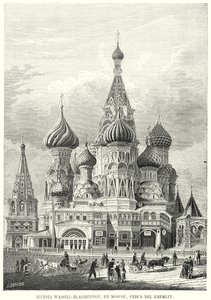 Pyhän Vasilin katedraali, Punainen tori, Moskova, Venäjä (litho) tekijältä Spanish School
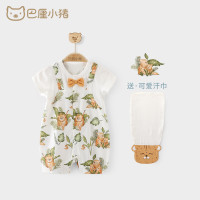 巴厘小猪 BALIPIG 新生儿衣服夏季空调服薄款长袖睡衣初生宝宝哈衣爬爬 豹豹一家 66cm
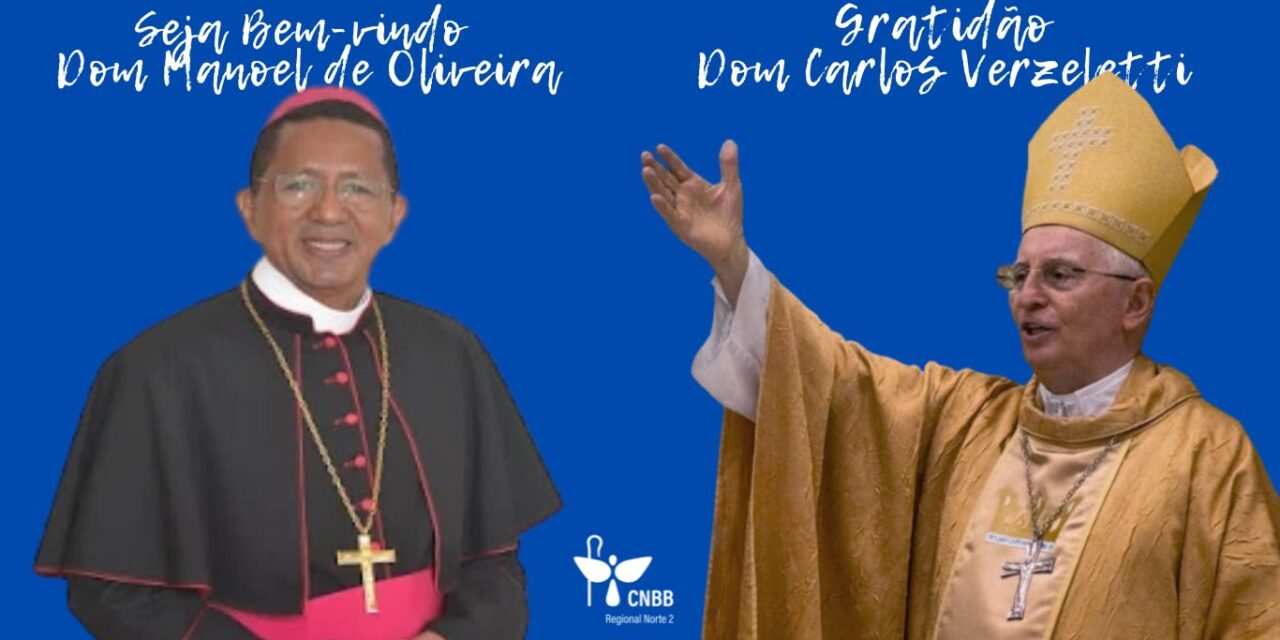 DOM IRINEU ROMAN ACOLHE DOM MANOEL DE OLIVEIRA BISPO NOMEADO PARA A DIOCESE DE CASTANHAL E AGRADECE LEGADO DE DOM CARLOS VERZELETTI
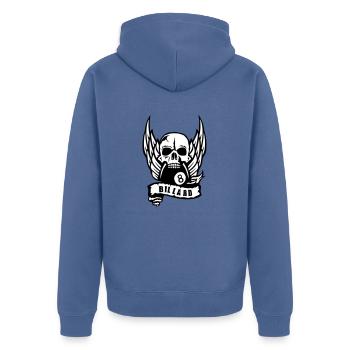 billiards head dead skull wing banner logo - Unisex Premium Organic Zip Hoodie - stone blue - Back - Nico (187cm)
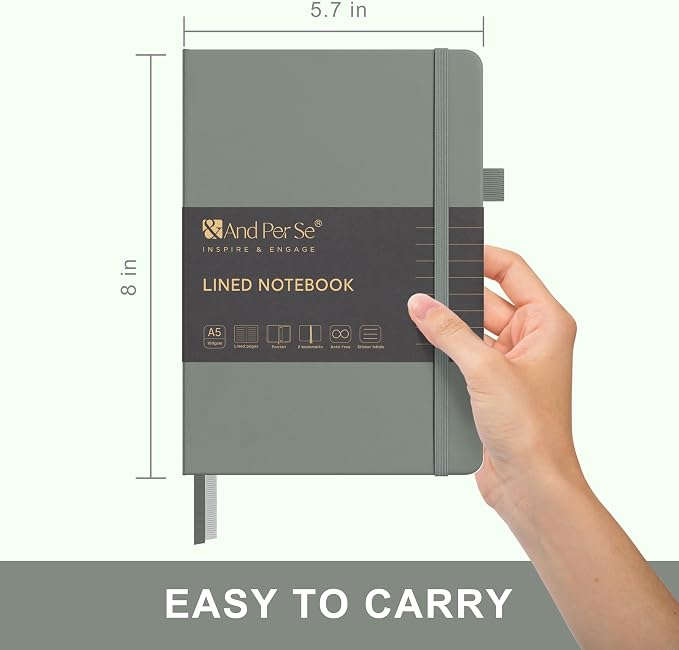 &And Per Se Lined Journal Notebook, 160 Pages, A5 5.7 x 8 inches College Ruled - Image 2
- - - - -
Your objective |
Locate the line containing "DOM IRINEU ROMAN" in the records above, then output it and every line after it through the last, excluding pictures.

Exercise answer |
 DOM IRINEU ROMAN ACOLHE DOM MANOEL DE OLIVEIRA BISPO NOMEADO PARA A DIOCESE DE CASTANHAL E AGRADECE LEGADO DE DOM CARLOS VERZELETTI
 billiards head dead skull wing banner logo - Unisex Premium Organic Zip Hoodie - stone blue - Back - Nico (187cm)
 &And Per Se Lined Journal Notebook, 160 Pages, A5 5.7 x 8 inches College Ruled - Image 2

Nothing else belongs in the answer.